Solar enthusiasts are preparing for today’s transit of Venus, an astronomical event that won't occur again for 105 years and an event that that has happened only seven times since the telescope was invented.
“In a sense, it is an eclipse,” Summer Ash, director of outreach for Columbia University’s astronomy department, told the New York Times. “It’s the same phenomenon. It’s just that Venus is so much farther away than the Moon.”

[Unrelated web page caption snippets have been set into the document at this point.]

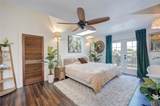 2491 Palm Tree Drive - Photo 28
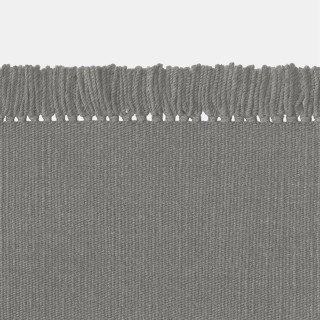 Ковер Kelim Coloured Fringes5353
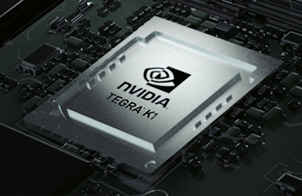 nvidia_tegra_k1_chip_on_pcb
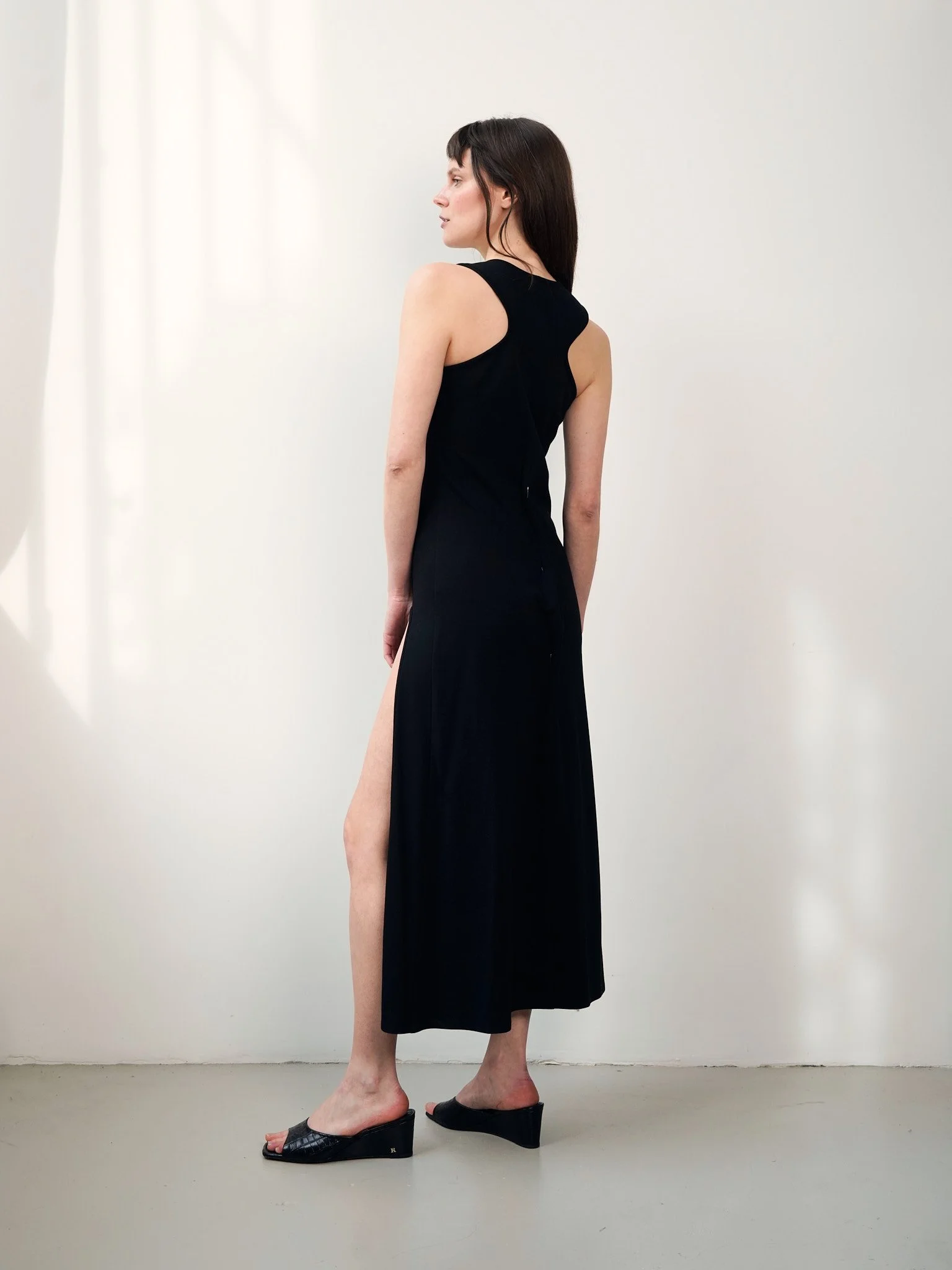 NATHALIE DUMEIX E-SHOP6094.jpg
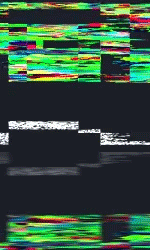 am3.gif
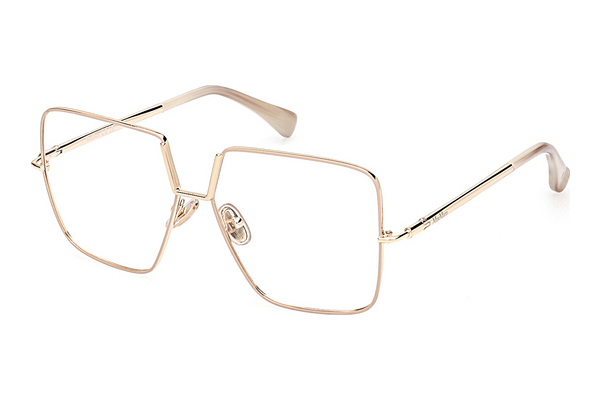 Gafas de diseño Max Mara MM5120 025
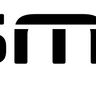 smartUP Elektrotechnik GmbH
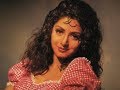 Mr India Hawa Hawaii High Quality Audio Laxmikant Pyarelal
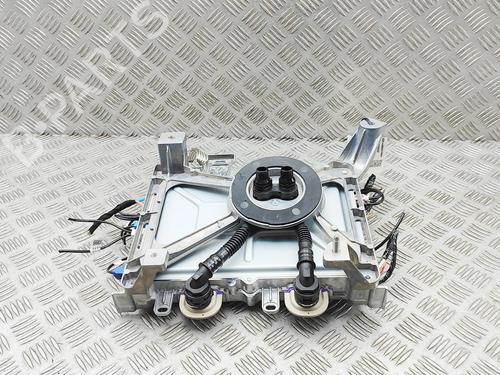 Electronic module TESLA MODEL 3 (5YJ3) EV | BP37445405M83 - Image 3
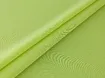 Костюмка Франт желто-салатовый (отрез 0,7 м) - интернет-магазин tkani-atlas.com.ua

An explanation by Wired magazine describes the event as follows: Planetary transit “occurs when a planet passes directly between the sun and the Earth. This alignment can only occur between Earth and either Mercury or Venus since their planetary orbits lie closer to the sun then our own. Since Mercury orbits very close to the Sun, we can observe its transit every 13 to 14 years. Venus, on the other hand, has a tilted orbit with respect to the celestial plane, so being in the correct alignment to view a transit is a lot more rare, and won’t happen again till the year 2117.”
During the event, Venus will look like a small black dot crossing the sun’s surface, the magazine explained, with its diameter about 1/30th the diameter of the sun. “In comparison it will look like a grape crossing in front of a watermelon. The transit might not seem visually exciting, but watching the black dot cross the solar surface is a really cool,” Wired said.
NASA’s Web site will be live-streaming the transit from an observatory atop Mauna Kea in Hawaii starting at 5:30 p.m., Eastern time, according to the Times.
Americans can see the transit at sunset on Tuesday.